Alexis Petridis
Rock opera. Is there a phrase in popular music more likely to bring about a total collapse of the will to live? Probably not - it seems so redolent of pomposity and excess - so tonight's concert counts as a narrow squeak. It was initially billed as a complete acoustic performance of the original 1969 rock opera Tommy - a plan the Who have abandoned, instead playing the album's highlights as an encore. No one in the audience looks particularly distraught at this turn of events. For their main set, the Who play the singles that made them famous: I Can't Explain; Anyway, Anyhow, Anywhere; Substitute.

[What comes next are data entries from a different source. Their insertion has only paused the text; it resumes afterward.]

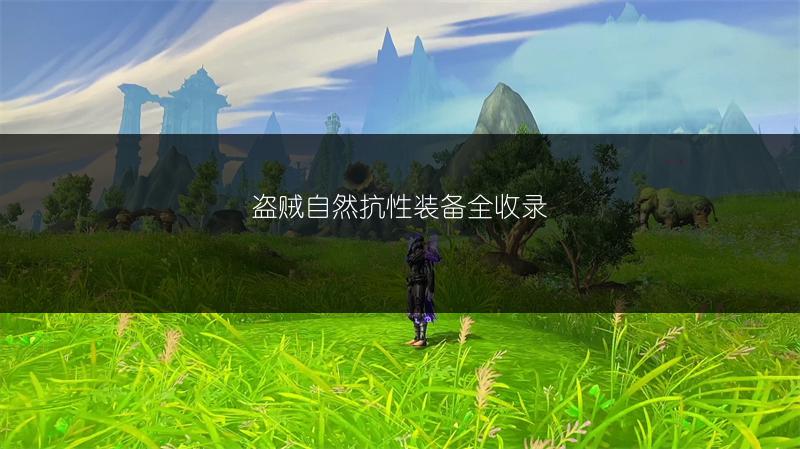 盗贼自然抗性装备全收录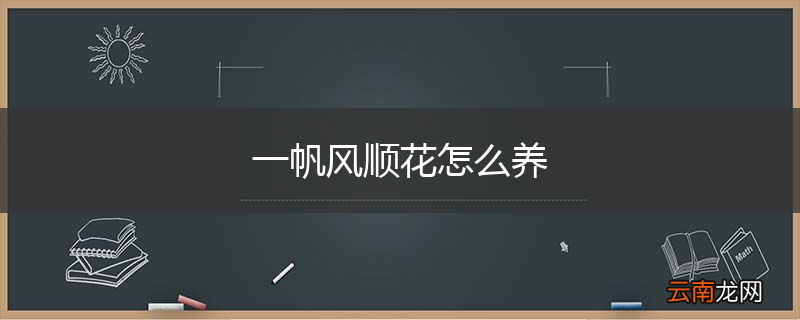 一帆风顺花怎么养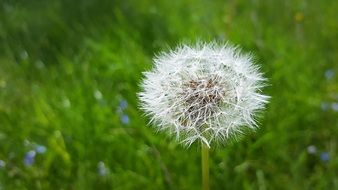 incomparable white Dandelion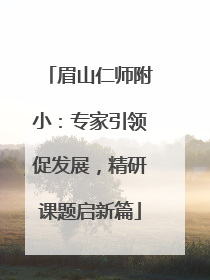 眉山仁师附小：专家引领促发展，精研课题启新篇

They lunge belligerently forth, a series of sudden, sharp impacts that do not appear to be blunted by the cold that turns Roger Daltrey's voice into a bark, nor by the absence of Keith Moon's unique percussive whirlwind, nor indeed by the presence of Pino Paladino, the characterless session musician's characterless session musician, in place of the late bassist John Entwistle.
Neither of the band's surviving members look particularly like rock legends - in full flight, Daltrey most closely resembles a man confronting a neighbour about branches overhanging into his Essex garden, while Townshend's dark suit, cropped hair and jowly features make him look like Will Self's dissolute great uncle - but their appearance makes their performance all the more surprising. Daltrey attempts to play two tambourines and ends up smashing them both. Townshend runs to the front of the stage, jabs his guitar violently at the audience and windmills his arm in time-honoured style. It should look ridiculous. Instead, it's a thrilling reminder of the unpredictability and menace that underpinned the Who in their prime.
Up in the balcony, a man rips off his shirt and begins miming the drums, while in the stalls, an entire family are frantically pogoing in unison. The Who, it seems, still have the power to move an audience in ways far beyond the standard reverence afforded heritage rock acts.